The first recorded football club in the county town of Shropshire was known simply as Shrewsbury FC, and after being founded in 1874 won both the Birmingham Senior Cup and the Shropshire Senior Cup in 1878 before being disbanded in 1879.
Other early clubs were Shrewsbury Engineers from 1878, Shrewsbury Town, no connection with the present club, from 1879 and Shrewsbury Castle Blues who emerged in the early 1880s.
The present Shrewsbury Town was formed in May 1886, following the demise of the Castle Blues and a side named Shropshire Wanderers and first played on a ground in the middle of the Monkmoor racecourse in the north eastern part of the town. However, since the racecourse grandstand was too far from the pitch and spectators could only watch from flat standing areas a move was made in 1889 to a ground at Amblers Field.
Shrewsbury Town entered league competition for the first time when they became founder members of the Shropshire & District League in 1890, finishing runners-up and winning the Welsh Cup in their first season. After four seasons at Amblers Field, they moved again, spending two years playing at a ground to the south east of the town at Sutton Lane. In 1895 the club joined the Birmingham & District League and made a further move, playing on the ground of the Copthorne army barracks.
In 1910, after being told they could no longer use the army ground the club accepted an offer from Shrewsbury Corporation to play at a field known as Gay Meadow which it had recently bought. Leased to the club, this was just outside the town centre, on the banks of the River Severn within sight of Shrewsbury Abbey. The reason for the field being named Gay Meadow is not clear, with theories being it was derived from the Welsh word Cae, meaning a field, or Old English words galla, barren wet land, or gat, a goat. Another possibility is the land was originally owned by a Richard Gegh. What seems likeliest however, is that due to its use over hundreds of years for such entertainments as fairs, carnivals and circuses it simply became known as a field of gaiety.
A small wooden stand was built on the east side of the ground and the first match to take place there on 20 August 1910 drew a crowd of up to 1,000 people to watch a pre-season practice match. The first competitive game saw the visit of Wolverhampton Wanderers Reserves, on 10 September 1910, Shrewsbury losing 2–1.

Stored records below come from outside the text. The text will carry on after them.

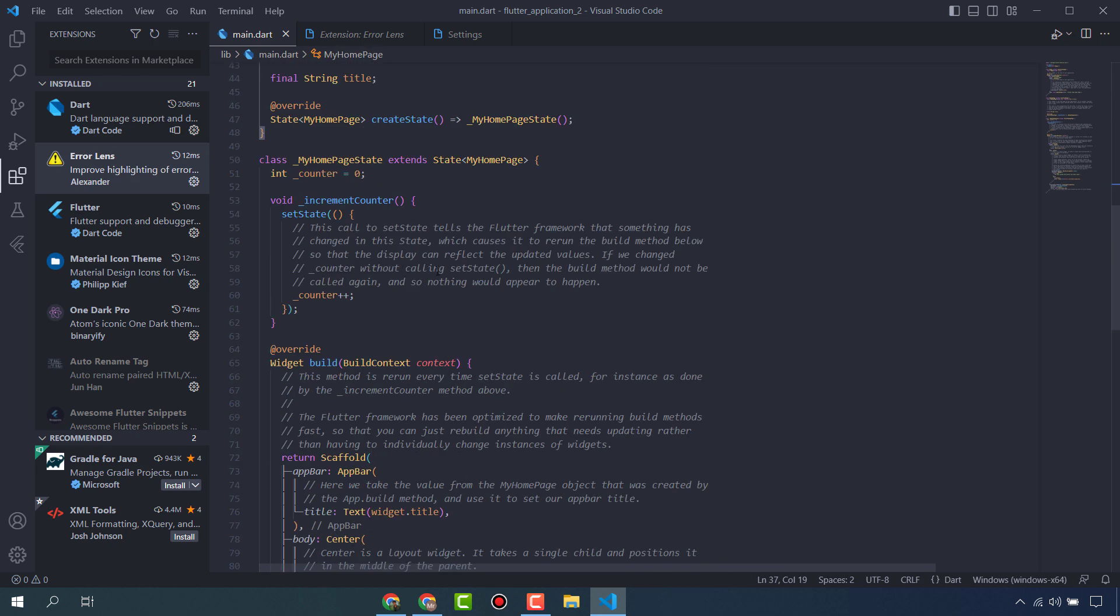These are the some extensions and settings you can do in your VS Code. That's all for today, thanks.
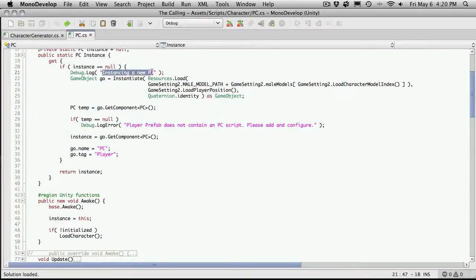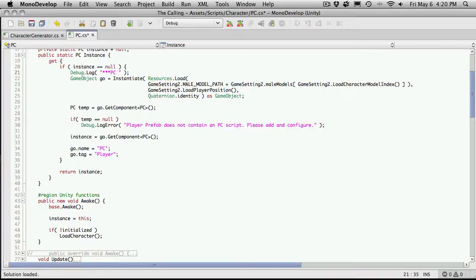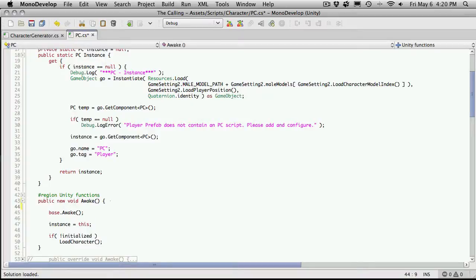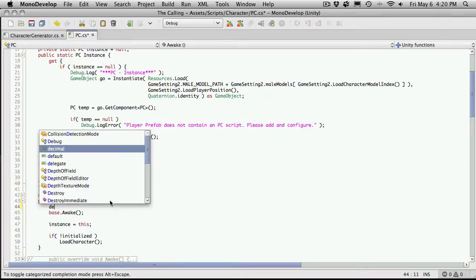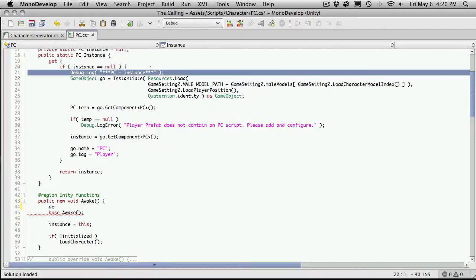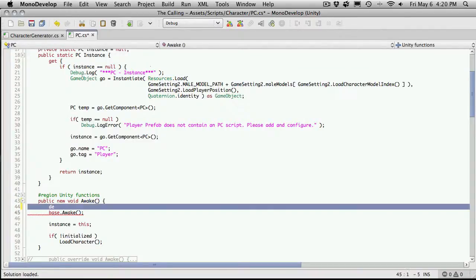I want to go over to my PC script and I'm going to change this a bit and this is my PC script and this is my instance method and I'm also going to throw one in here in awake just above the base awake. Actually I'm just going to copy and paste this one here just easier to only have to retype the method name.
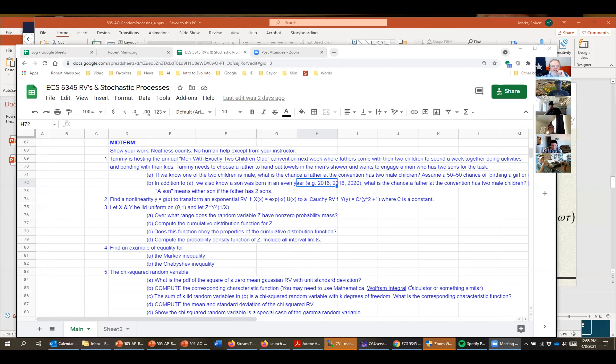Glauco pointed out that by putting in the even year condition you cancel out other possibilities, which is interesting. Let's go to the next one: find a nonlinearity y to transform an exponential e^(-x) to a Cauchy distribution where c is a constant. I'd first like just an explanation of the approach used.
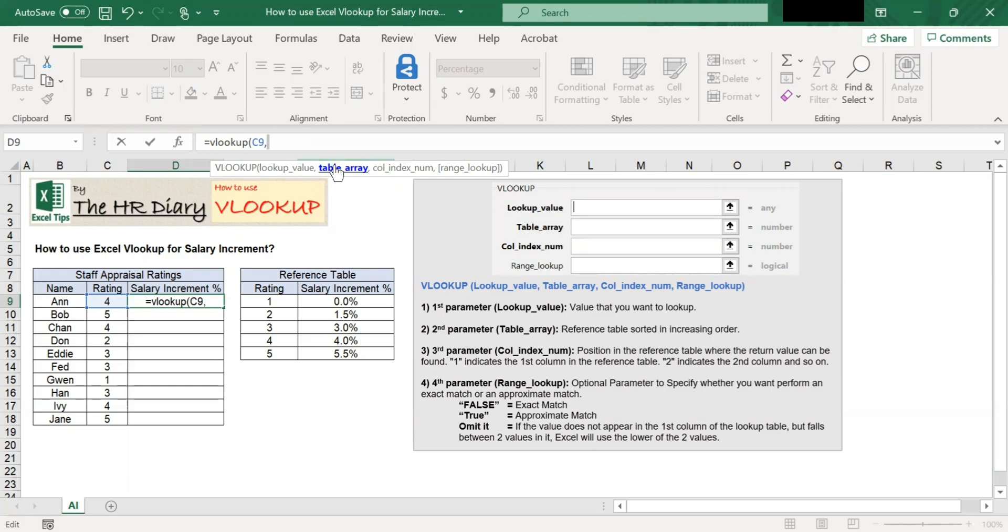The second parameter is table array. This is the reference table for VLOOKUP to use. In this reference table, the ratings are on the left column and the corresponding salary increment percentages are on the right column.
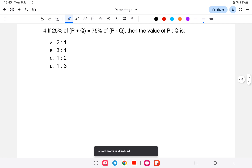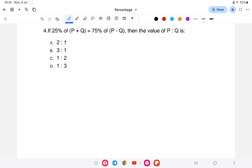The last question for the day: if 25% of (p plus q) is equal to 75% of (p minus q), then what is the value of p to q — that means find p by q.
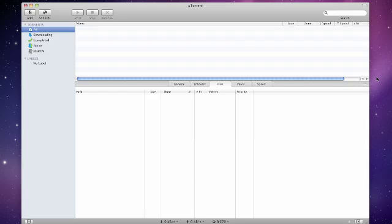Hi, this is Mike here from Mike's Computer Tips.com and in this video I'm going to show you a very simple trick on how to speed up uTorrent.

A replacement for the original stand was opened in October 1922 and the club finished that season as Birmingham & District League champions. An application to join the Football League was made without success in 1937, and perhaps to improve their chances of election the club then switched to the Midland League and in their first season achieved a double of winning the league title and the Welsh Cup for a second time.

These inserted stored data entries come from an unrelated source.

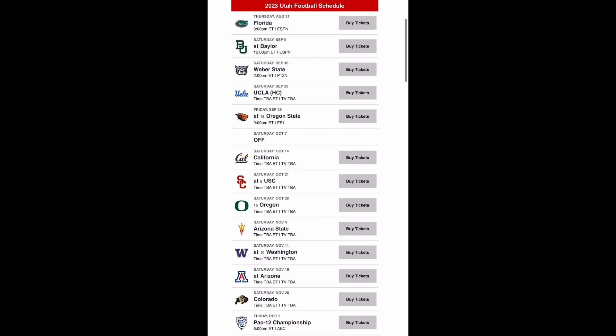Then you play UCLA for homecoming and I think you get revenge for last year when you went to their place and got beat. So I think you get another win to get to three and one. Then you go on the road to Oregon State. Now if this was any other team in the Pac-12 I would say Oregon State's physicality is going to overrule them, but Utah also has physicality and a more consistent quarterback in Cam Rising. So I'm giving Utah the win here to get them to four and one.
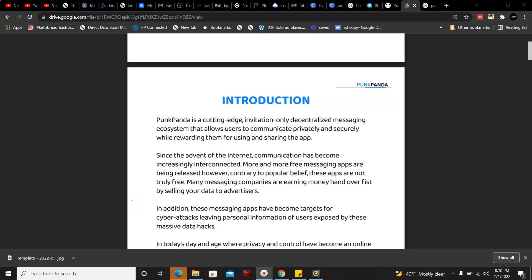Hey what's going on YouTube, welcome back to my channel, this is Matt. In this video I'm introducing an app called PunkPanda. It's a cutting-edge invitation only decentralized messaging ecosystem that allows you to communicate privately and securely while rewarding you for using the app. In other words, you could earn cryptocurrency for downloading this app and sharing it with others. It's exactly like WhatsApp so you could text message back and forth, and I'm gonna go over more stuff with you.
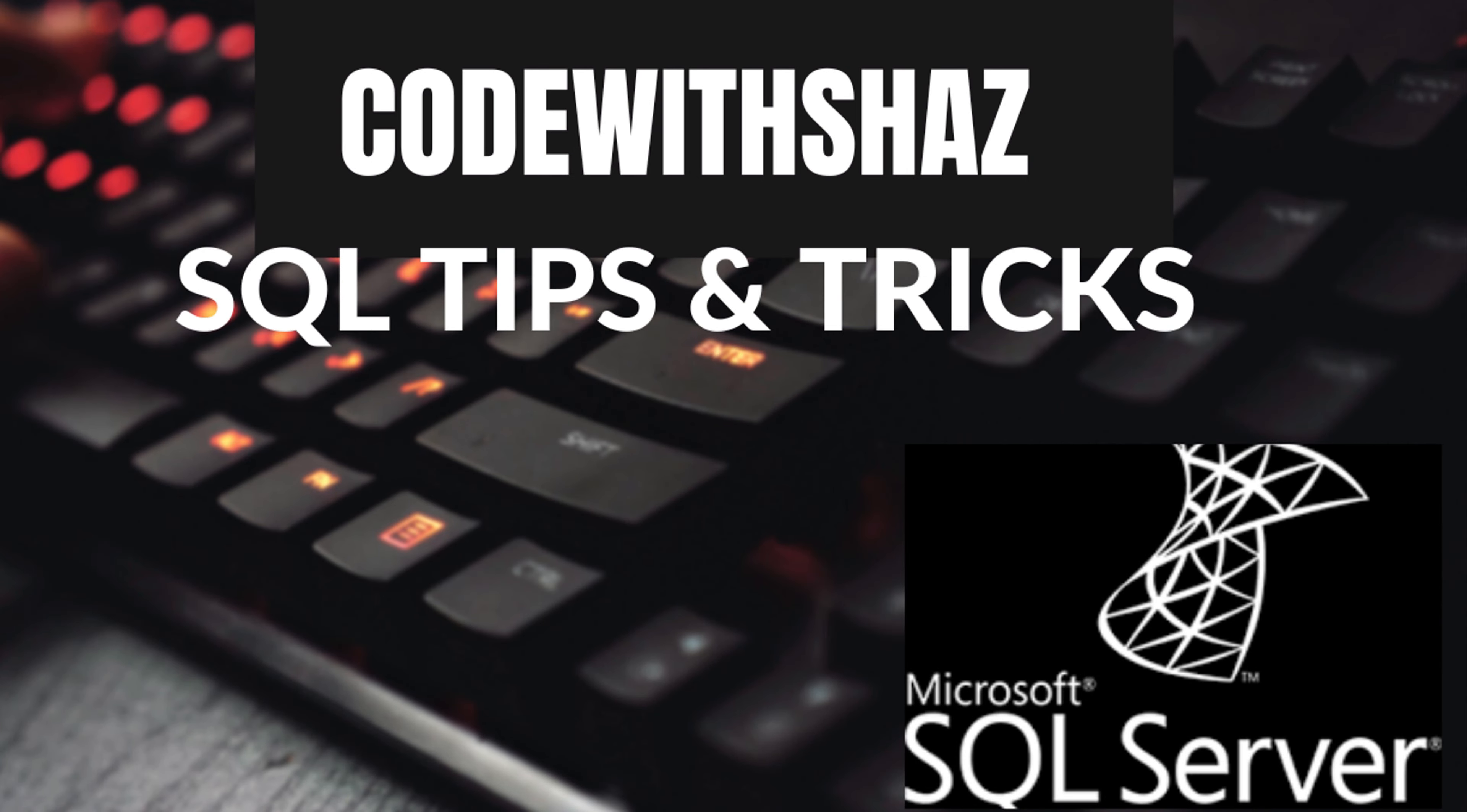Hey everyone, welcome back to my channel for another exciting episode. In this short video and a few others coming up, I will be discussing SQL tips and tricks. But before we jump in, please make sure to hit the subscribe button and ring the notification bell so you never miss out on my latest SQL insights. All right, so let's get started.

Ground improvements paid for by the supporters’ club were carried out during the 1930s, perhaps with an eye on achieving Football League status, with the concreting of the terraces and the partial covering of the Station End carried out in stages up to 1937. In 1939 the club narrowly lost out to Accrington Stanley in the voting for election to the league, and perhaps encouraged by this, further improvements that year saw the roofing of the central section of the Riverside terrace on the west side of the ground and the addition at the north end of the main stand of a new section with about 250 seats.
After the war further Midland League championships came in 1945 and 1948 in which year Gay Meadow staged an amateur international between England and Wales. Two years later the club finally achieved Football League status after having applied every year since 1937. In the end this came about due to the expansion of the league from 88 to 92 clubs, and despite only having finished mid-table in the Midland League over the previous two seasons Shrewsbury topped the poll for election to Division Three (North).
The first ever Football League game at Gay Meadow saw neighbours Wrexham beaten 2-1 on 21 August 1950. It was rumoured there were over 22,000 spectators inside the ground, but the official figure was given as 16,070. Just five days later Lincoln City paid their first visit to the ground and made it a good start with a 2-1 victory, the goals coming from outside-left Willie Windle and his inside man Roy Finch. The attendance of 11,019 was to remain the largest ever to see a match at Gay Meadow between the two clubs.
With two northern clubs in Grimsby Town and Chesterfield being relegated into the third tier Shrewsbury, as the most southerly of the northern section clubs were then switched to Division Three (South) for the 1951/52 season meaning an end for the time being to any further encounters with the Imps.
No further ground improvements took place until the mid-1950s when trees lining the road to Gay Meadow, known as The Narrows, were felled to improve access and the roof on the Riverside Terrace was extended to the north. In 1959 the freehold was bought from the council for £6,750 and that year also saw the installation of floodlights at a cost of £12,000 with the money being raised by the supporters’ club.
Several mostly undistinguished seasons had culminated in Shrewsbury slipping down into the newly-formed Fourth Division in 1958, but they took the fourth promotion place a year later to return to the third tier. The record attendance for the ground came in April 1961 when a large contingent of travelling supporters helped swell the crowd to 18,917 for the visit of a promotion-chasing Walsall side.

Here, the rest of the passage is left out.